_Dataset section:_
== Segment start ==
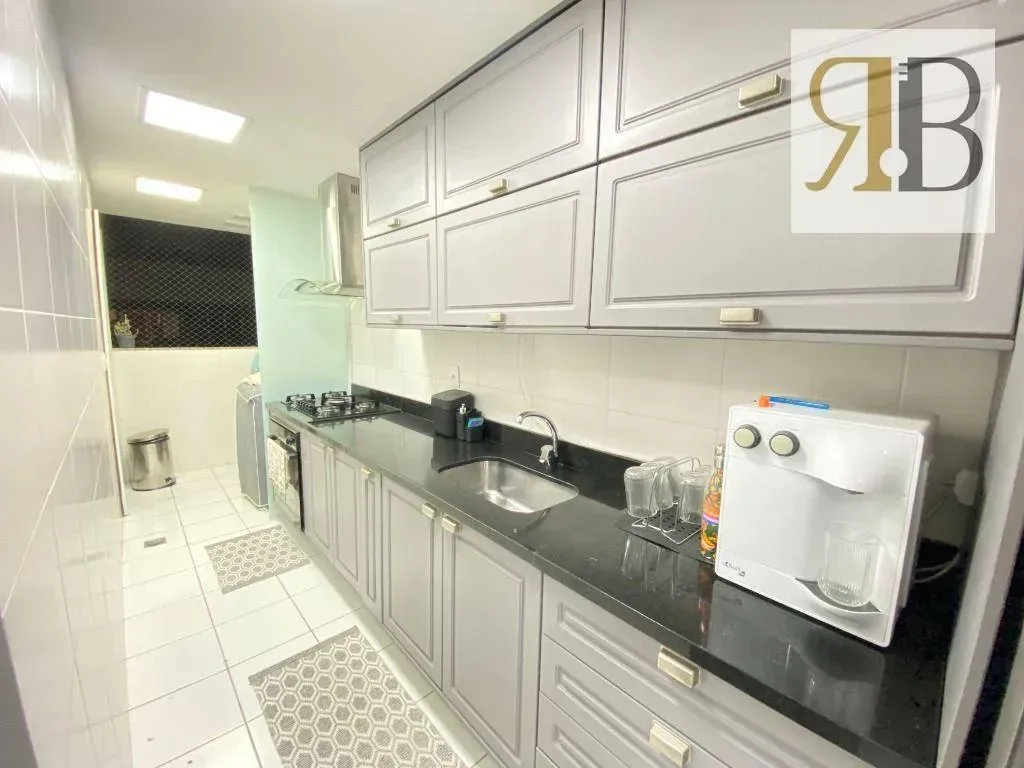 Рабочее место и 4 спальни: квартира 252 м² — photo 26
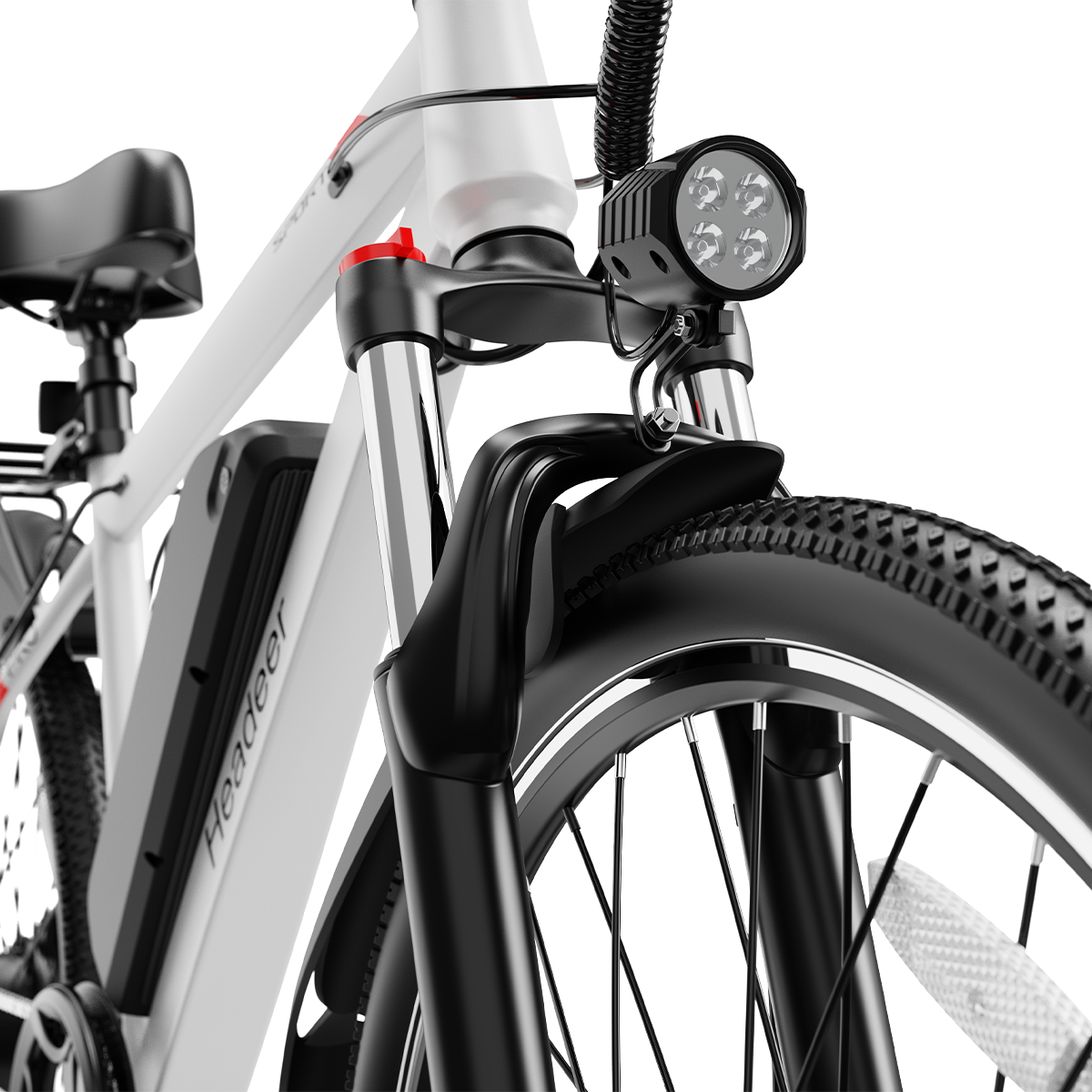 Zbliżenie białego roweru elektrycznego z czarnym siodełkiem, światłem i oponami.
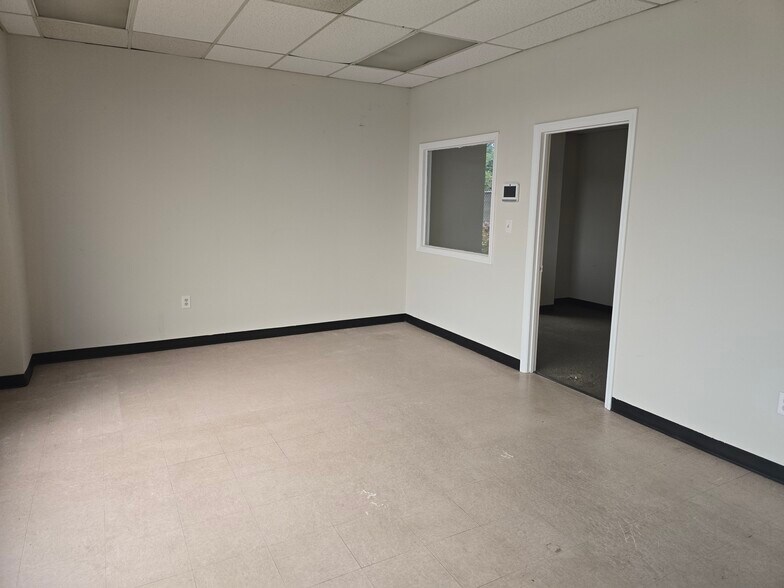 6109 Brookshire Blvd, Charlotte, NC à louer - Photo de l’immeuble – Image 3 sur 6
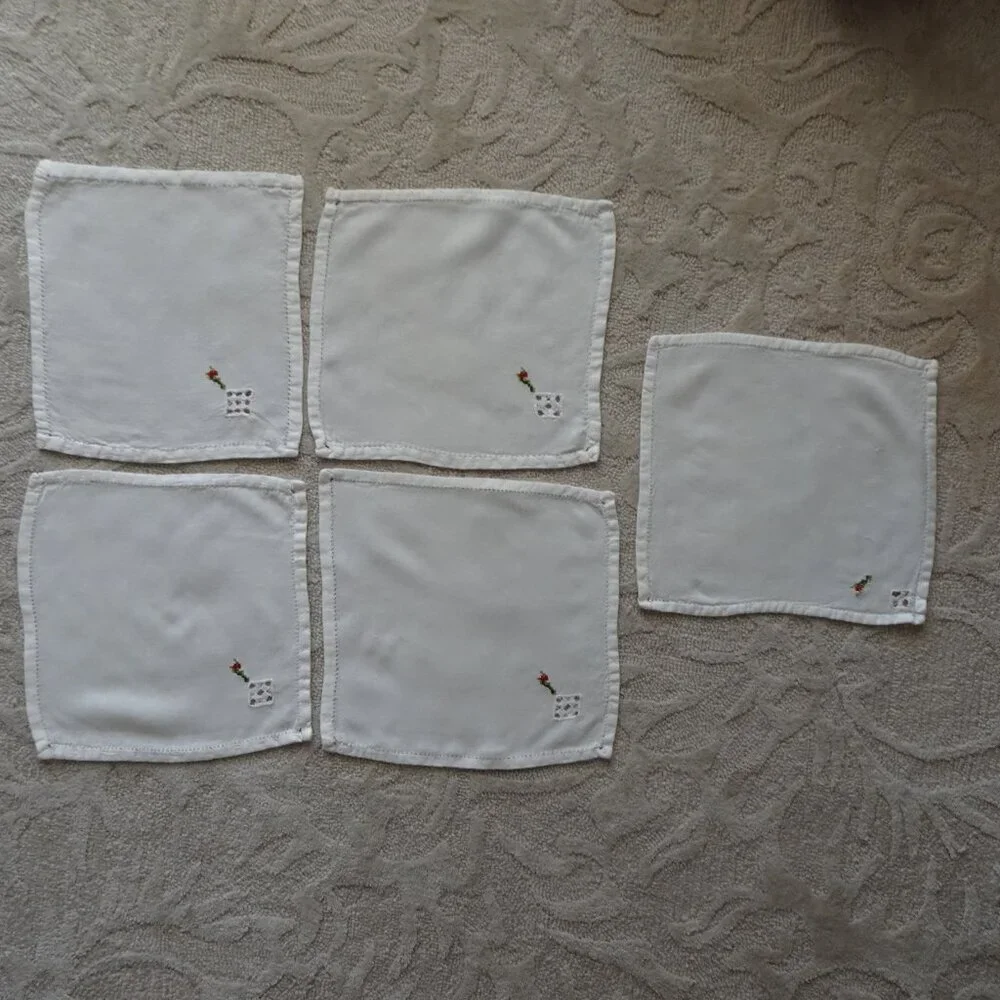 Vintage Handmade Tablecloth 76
== Segment end ==
All of the material should be written out again exactly, apart from the pictures.

_Answer below:_
 Рабочее место и 4 спальни: квартира 252 м² — photo 26
 Zbliżenie białego roweru elektrycznego z czarnym siodełkiem, światłem i oponami.
 6109 Brookshire Blvd, Charlotte, NC à louer - Photo de l’immeuble – Image 3 sur 6
 Vintage Handmade Tablecloth 76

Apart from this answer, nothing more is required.